Even though this decision is common in today's IT environment, there are still challenges that need to be addressed for it to be successful. IT and business leaders need to ensure that their people and processes are aligned to a cloud-first model. In addition, developing a DevOps and agile methodology will help the organization overcome the slow and rigid nature of waterfall projects with siloed development and operations teams.

People and process changes in the cloud

Organizations with large IT departments or long-term outsourced contracts will inherently have a workforce that is skilled at the technologies that have been running in the company up until that point. Making the shift to any new technology, especially cloud computing, will require a significant amount of retooling, personnel shifting, and a change in the thought pattern of the workforce. Organizations can overcome these people challenges by splitting their IT workforce into two distinct sections: those who maintain the legacy workloads and keep the original methodologies, and those who work on the cloud-first model and adopt the new technologies and process to be successful. This approach can work for a while; however, over time, and as workloads are moved to the target cloud platform, more and more people will shift to the new operating model. The benefits of this approach allow a select few people who are passionate and excited to learn new technologies and techniques to be the trail-blazers, while the rest of the workforce can retool their skills at a more methodical pace.

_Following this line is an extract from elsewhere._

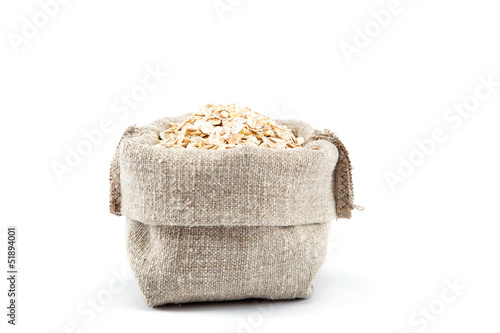 Rolled oats in a canvas bag isolated on white background.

One specific area that can often be difficult for experienced IT professionals to overcome, especially if they have gained their experience with data center deployments and lots of large legacy workloads, is the concept of unlimited resources. Since most cloud vendors have effectively unlimited resources to be consumed, removing that constraint on application design will open up a lot of unique and innovative ways to solve problems that were impossible when designing applications before. For example, being bound to a specific set of CPU processors to complete a batch job will cause developers to design less parallelization, whereas with unlimited CPUs, the entire job could be designed to be run in parallel, potentially faster and cheaper than with lots of serial executions. Those people who can think big and remove constraints should be considered for the trail-blazers team.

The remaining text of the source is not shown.